Oak trees are perhaps one of the most beneficial tree species to have on your property when it comes to attracting wildlife. Along with creating great habitat, oak trees provide top notch food for a variety of animal species. Many game species benefit from the high-protein and high fat content of acorns, and they are often a preferred food during the fall months. Many species of mammals, birds, insects and reptiles rely on oak trees during some point in their life cycle. A selection of Minnesota animals that rely on acorns for nutrition include white-tailed deer, black bears, Wild Turkey, Ruffed Grouse, squirrels, and other wildlife. Acorns are high in carbohydrates, and help animals gain fat for the winter.

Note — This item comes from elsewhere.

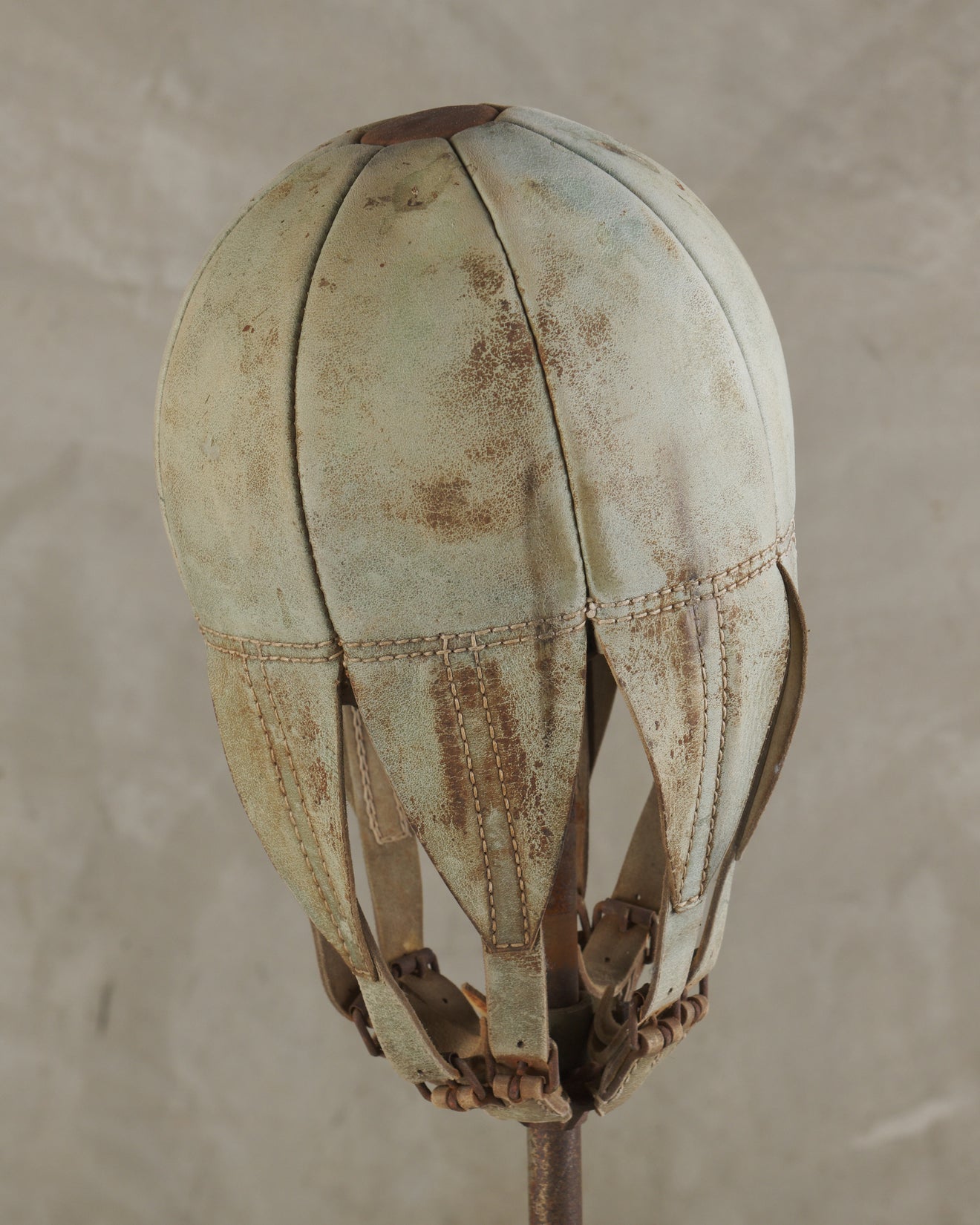 STANDING PUNCHING BAG, FRANCE, c1940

Oaks can be categorized one of two ways; as a white oak or a red oak. They are generally simple to tell apart; white oaks have rounded margins (edges) on their leaves, and red oaks have pointed leaf margins. Animals tend to prefer acorns from white oaks, because they are larger and sweeter, especially whitetail deer. In fact, it is often said that acorns from White oaks are “Deer Candy” because they are intensely attracted to them. Red oak acorns have more tannins (tannic acid), which make them taste more bitter then the white oaks. Humans can eat acorns as well, but if you gather them yourself be sure to boil them in several changes of water to reduce the bitter tannins, which are also slightly toxic to us (when eaten in large amounts).
Common species of white oak in Minnesota include:
– Swamp white
Common species of red oak in Minnesota include:
– Northern red
– Northern pin
There are over 600 species of oak (Quercus spp.) worldwide, and about 60 in the United States. In Minnesota, all oaks are deciduous, meaning they lose their leaves every fall and grow new ones in the spring. Oak trees, and trees in general, can benefit your home or cabin by reducing cooling costs through the shade that they produce. They also help control storm water runoff, reduce air pollution, and sequester carbon from the air (these qualities are also benefits of trees in general). Notably long-lived species, oaks may live for 500 years or more. Common lifespans of Minnesota oaks tend to range from 100 – 250 years, depending on the species. Planting and caring for oak trees on your property is a keen investment in the future. If you have any questions about oak trees contact me or a local forester or tree nursery.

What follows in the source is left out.